Well, after seeing everyone love these goggles, I decided I needed to try them out. So, Merry Christmas to me:



Got them in Nemesis Red Gunmetal with a Prizm MX Black lens, they look awesome and I can't wait to use them. Best part, they match my MET Parachute perfectly! Quick unboxing video here:






How many of you have these goggles? What are your thoughts?


----------



## mfa81 (Apr 1, 2011)

I have the rasta color, and it's amazing goggles! I mostly usemy clear lenses, but also have a green one can't remember how it's called.

I'm all over smith goggles for skiing but the oakley is the best mx I've tried! Great field of view, no fog, really burly and the lenses are really strong! Don't forget to install the shield!


----------



## gckless (Aug 25, 2016)

mfa81 said:


> I have the rasta color, and it's amazing goggles! I mostly usemy clear lenses, but also have a green one can't remember how it's called.
> 
> I'm all over smith goggles for skiing but the oakley is the best mx I've tried! Great field of view, no fog, really burly and the lenses are really strong! Don't forget to install the shield!


Nice! And that piece is a shield huh? Didn't dive into the booklet, but thanks for the heads up, I'll be sure to put it on!

That green lens, does it look green when looking through it?


----------



## kevin267 (Mar 9, 2011)

The prizm jade is what I have, does not look green.


----------



## gckless (Aug 25, 2016)

kevin267 said:


> The prizm jade is what I have, does not look green.

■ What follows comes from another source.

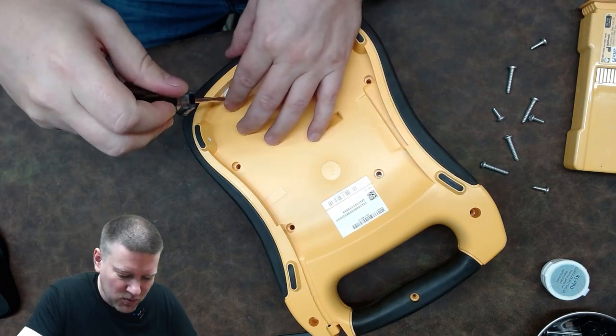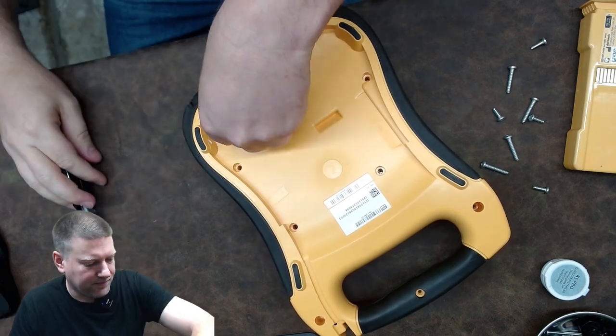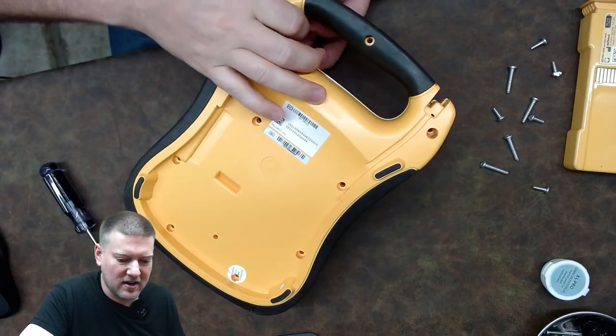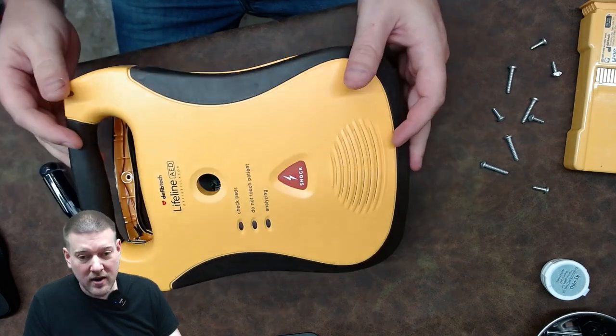I've always wanted to open one of these up. That's a crazy seal too. Alright, we got it! On the back is where all the components are connected. From the side you can see numerous cables that connect from one board to the other.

Doesn't look green at all looking through it? Only from the outside? If so, that's awesome. I was really hesitant to grab the fire iridium replacement lenses because I didn't want to be seeing red all day, so that's great news.

Also, Oakley really needs to make their site a little more organized. They have about 15 different versions of the Airbrakes, even two different ones titled "O-Frame MX Goggle" and "O Frame MX". Two different prices and color options. And good luck finding the replacement lenses. It's a mess.


----------



## mfa81 (Apr 1, 2011)

kevin267 said:


> The prizm jade is what I have, does not look green.


jade is the name and like said doesn't look grren looking through it!

About the shield mine came with a shield as well as some peel off disposable ones, those that pro moto gues use on their helmets visor / goggles


----------